Scraped caption text data →
-- Opening Marker --

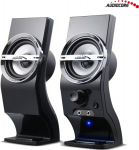 Audiocore Computer speakers 6W AC805 USB Black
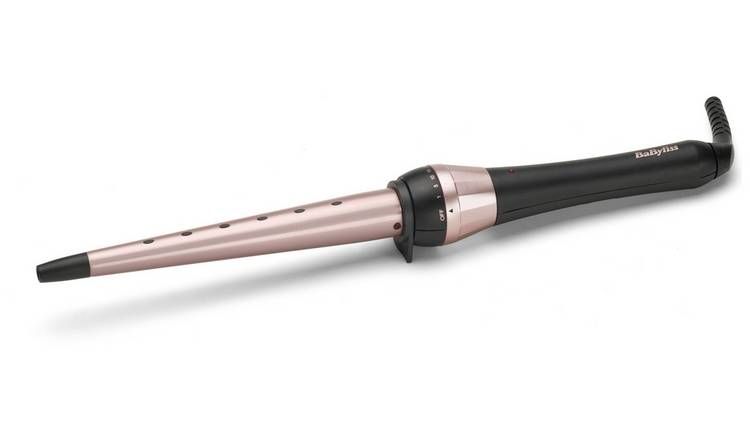 BaByliss Keratin Shine Hair Curling Wand - McGrocer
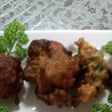 自家製薩摩揚げ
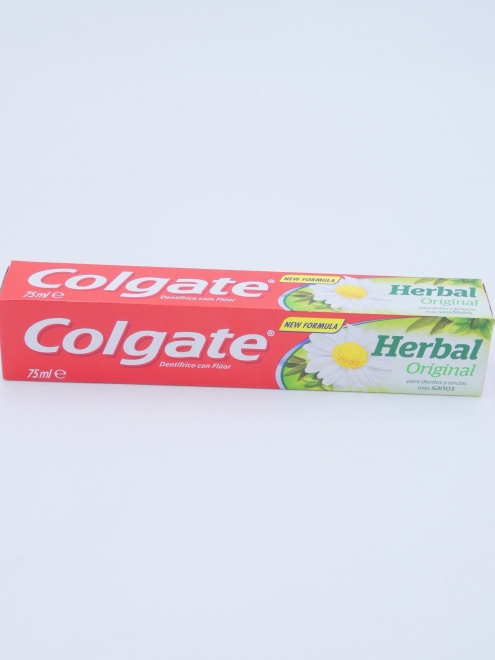 COLGATE herbal original  75 ml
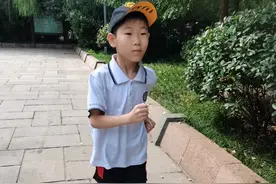 为救弟弟，9岁男孩每天跑十几公里，“妈妈别哭，我一点也不疼”图片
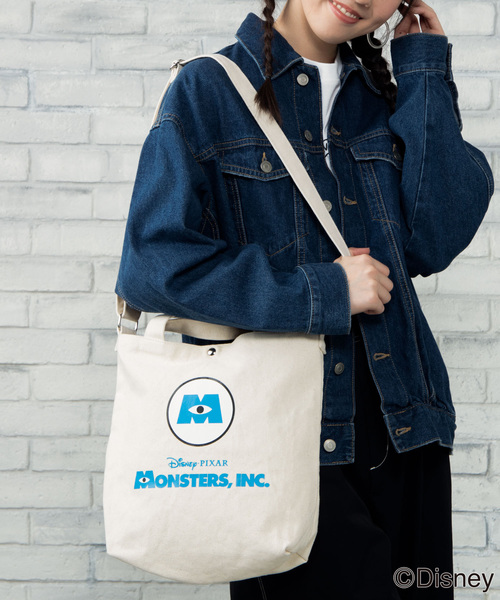 Disney（ディズニー）の「∴WEGO/Disney別注モンスターズインク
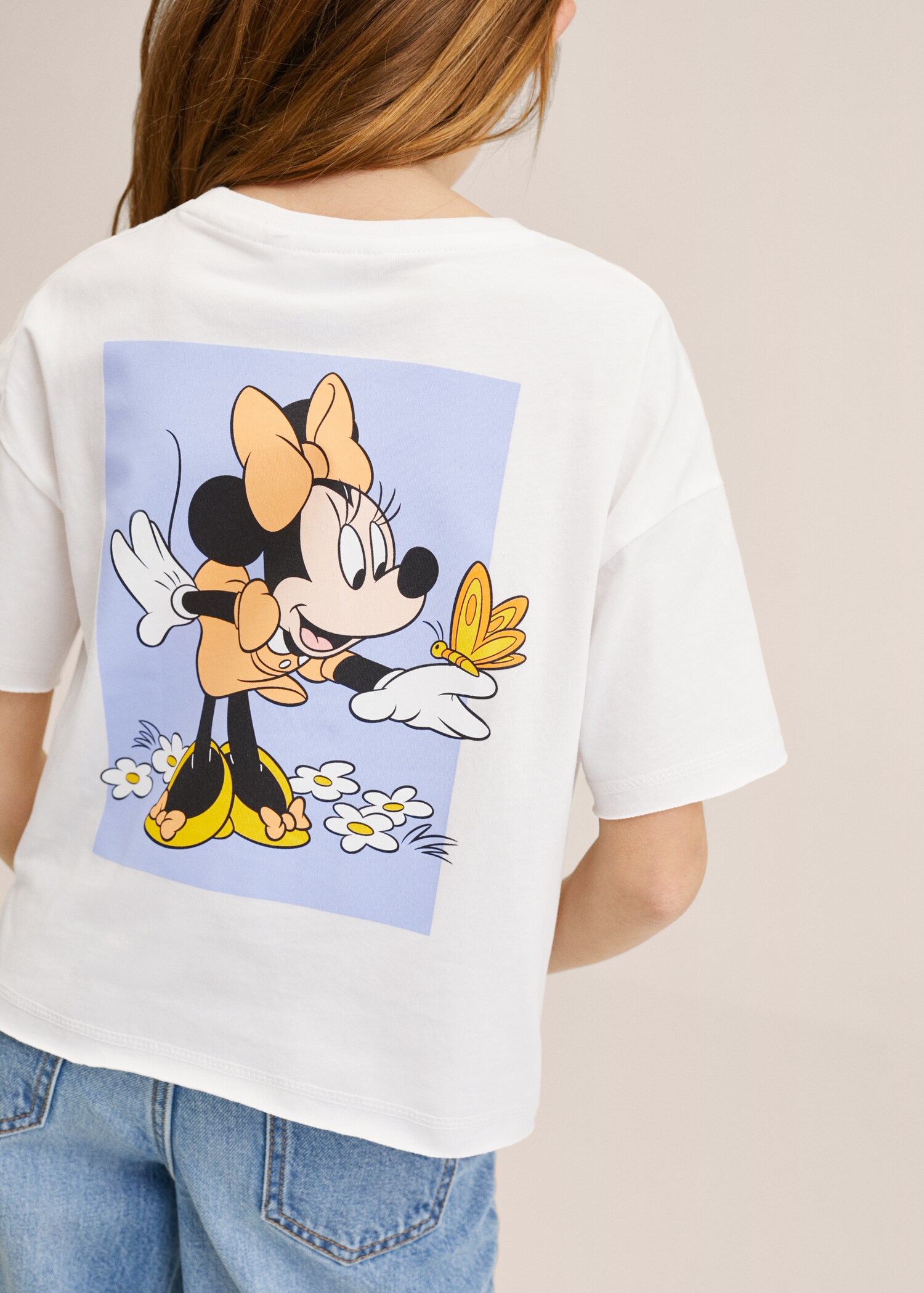 Minnie Mouse T-shirt - Details of the article 1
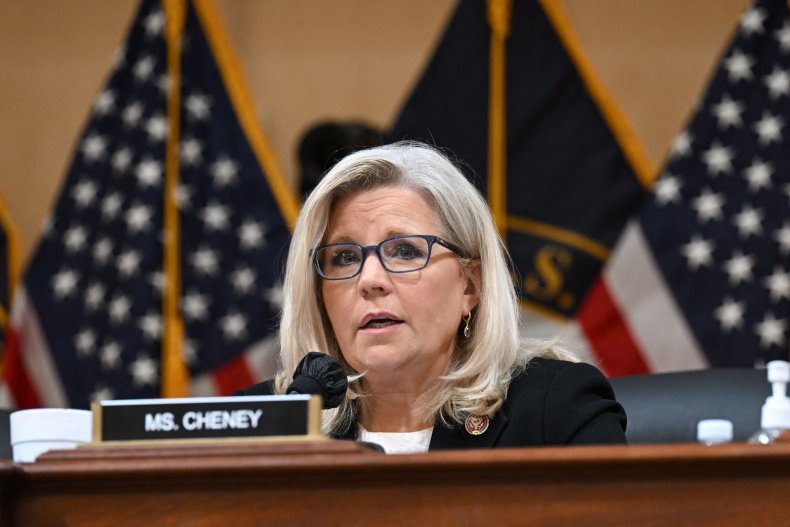 Cheney Hearing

-- Closing Marker --

Assigned task →
Before copying, set the pictures aside; then reproduce each entry above exactly.

Exercise response →
 Audiocore Computer speakers 6W AC805 USB Black
 BaByliss Keratin Shine Hair Curling Wand - McGrocer
 自家製薩摩揚げ
 COLGATE herbal original  75 ml
 为救弟弟，9岁男孩每天跑十几公里，“妈妈别哭，我一点也不疼”图片
 Disney（ディズニー）の「∴WEGO/Disney別注モンスターズインク
 Minnie Mouse T-shirt - Details of the article 1
 Cheney Hearing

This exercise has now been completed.